MATERIAL SUPPLIED
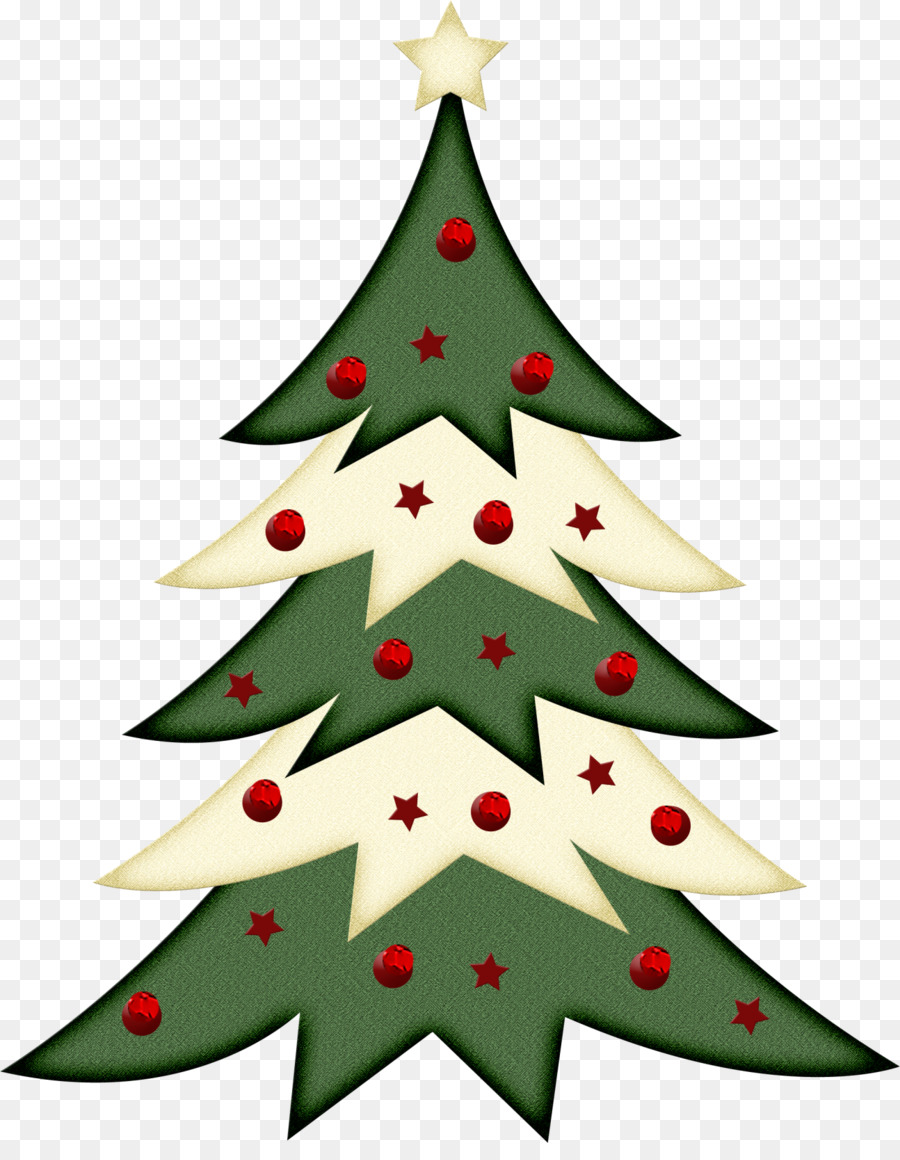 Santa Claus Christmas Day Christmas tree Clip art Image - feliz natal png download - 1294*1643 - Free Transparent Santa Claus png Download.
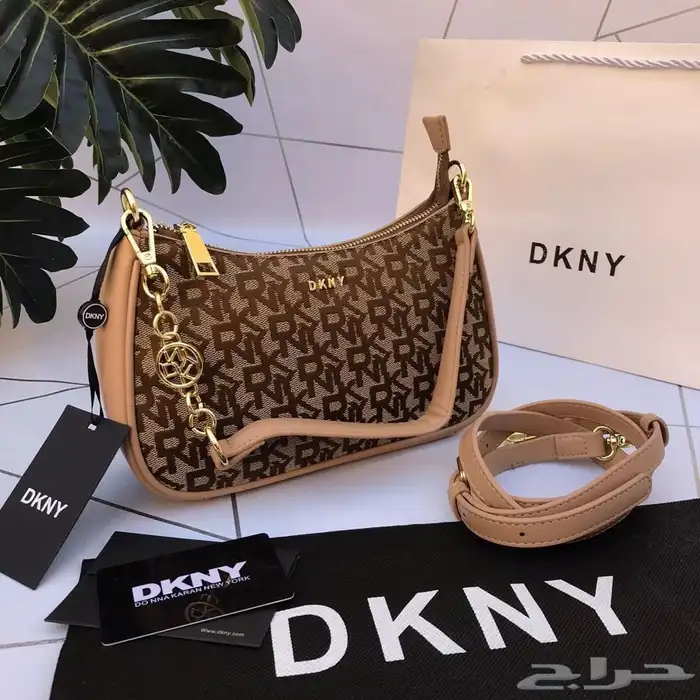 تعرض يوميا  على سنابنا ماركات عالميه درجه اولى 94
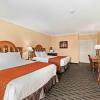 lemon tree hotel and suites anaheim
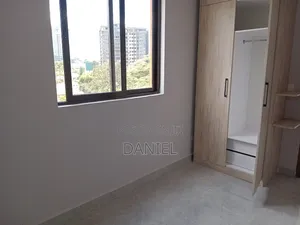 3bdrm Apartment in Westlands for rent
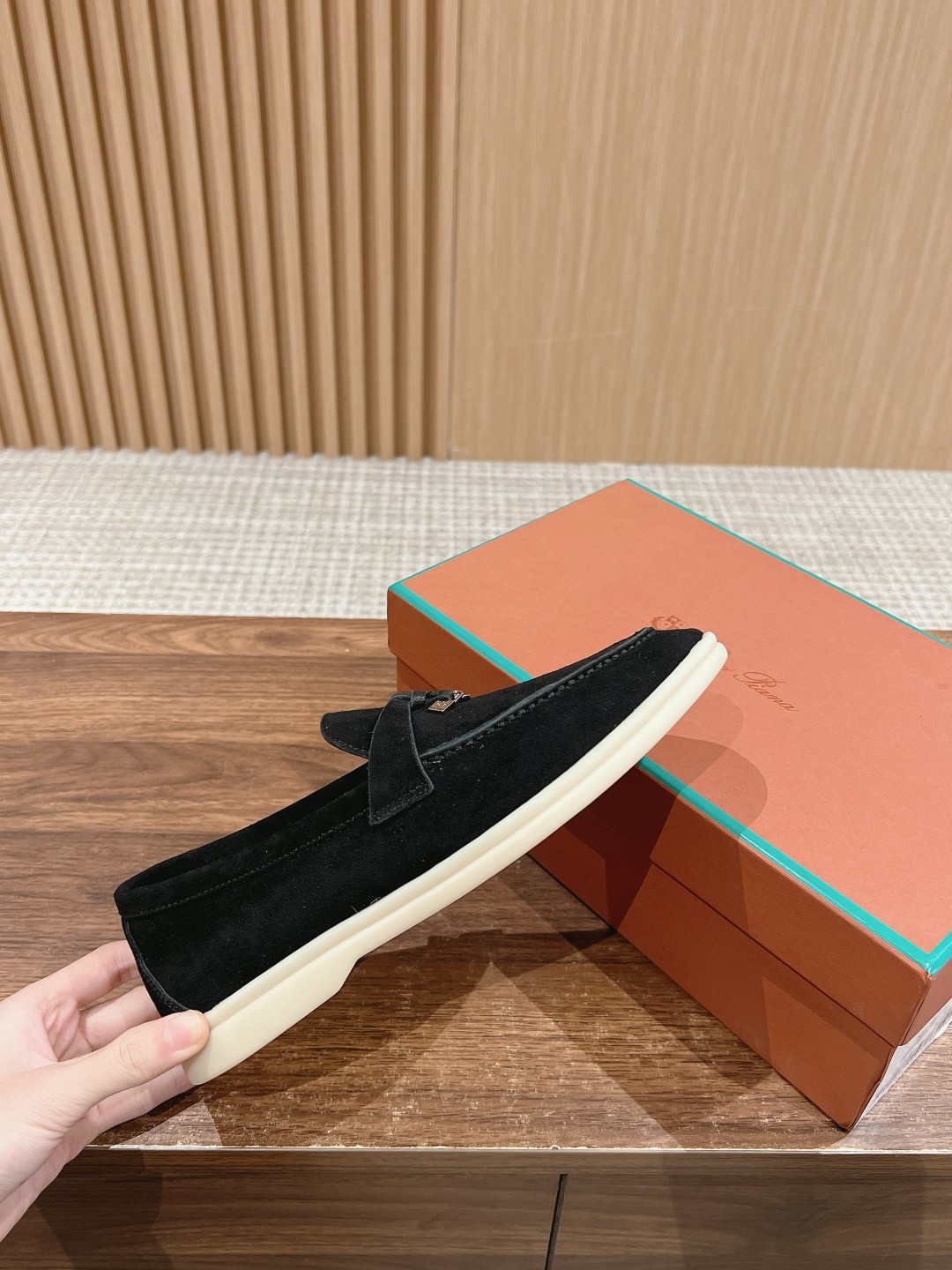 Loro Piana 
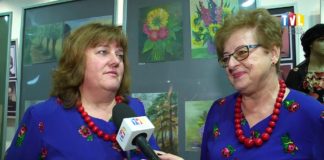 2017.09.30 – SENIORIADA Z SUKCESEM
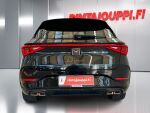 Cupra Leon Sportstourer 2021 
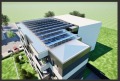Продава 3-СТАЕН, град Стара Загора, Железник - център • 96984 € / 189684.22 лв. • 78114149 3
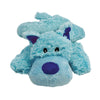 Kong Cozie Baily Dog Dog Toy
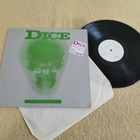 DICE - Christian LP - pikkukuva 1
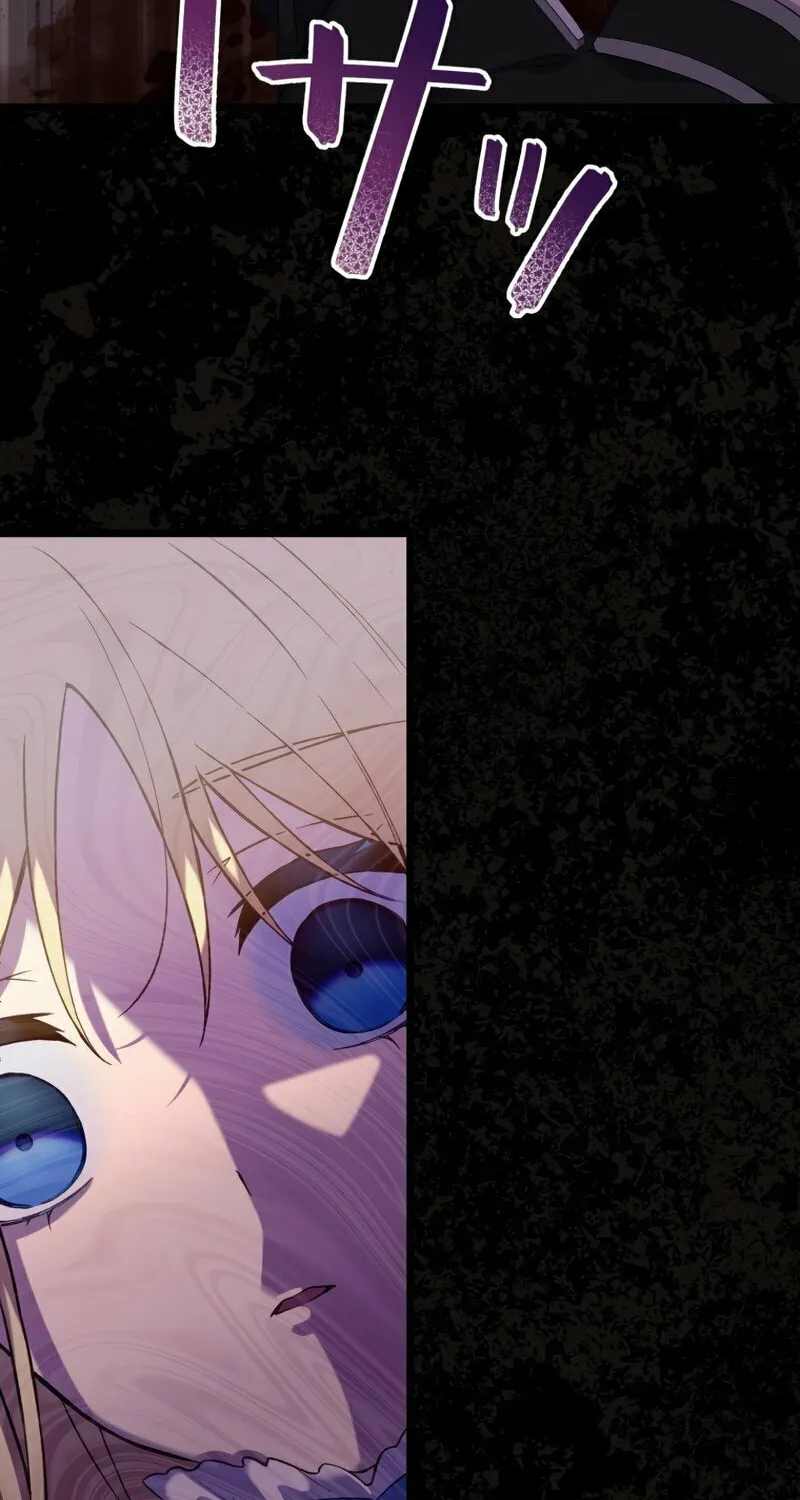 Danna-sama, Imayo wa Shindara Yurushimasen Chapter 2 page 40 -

PROBLEM REQUIREMENTS
Write out the entries again, exactly as given, skipping any images.

WRITTEN RESPONSE
 Santa Claus Christmas Day Christmas tree Clip art Image - feliz natal png download - 1294*1643 - Free Transparent Santa Claus png Download.
 تعرض يوميا  على سنابنا ماركات عالميه درجه اولى 94
 lemon tree hotel and suites anaheim
 3bdrm Apartment in Westlands for rent
 Loro Piana 
 2017.09.30 – SENIORIADA Z SUKCESEM
 Cupra Leon Sportstourer 2021 
Продава 3-СТАЕН, град Стара Загора, Железник - център • 96984 € / 189684.22 лв. • 78114149 3
 Kong Cozie Baily Dog Dog Toy
 DICE - Christian LP - pikkukuva 1
 Danna-sama, Imayo wa Shindara Yurushimasen Chapter 2 page 40 -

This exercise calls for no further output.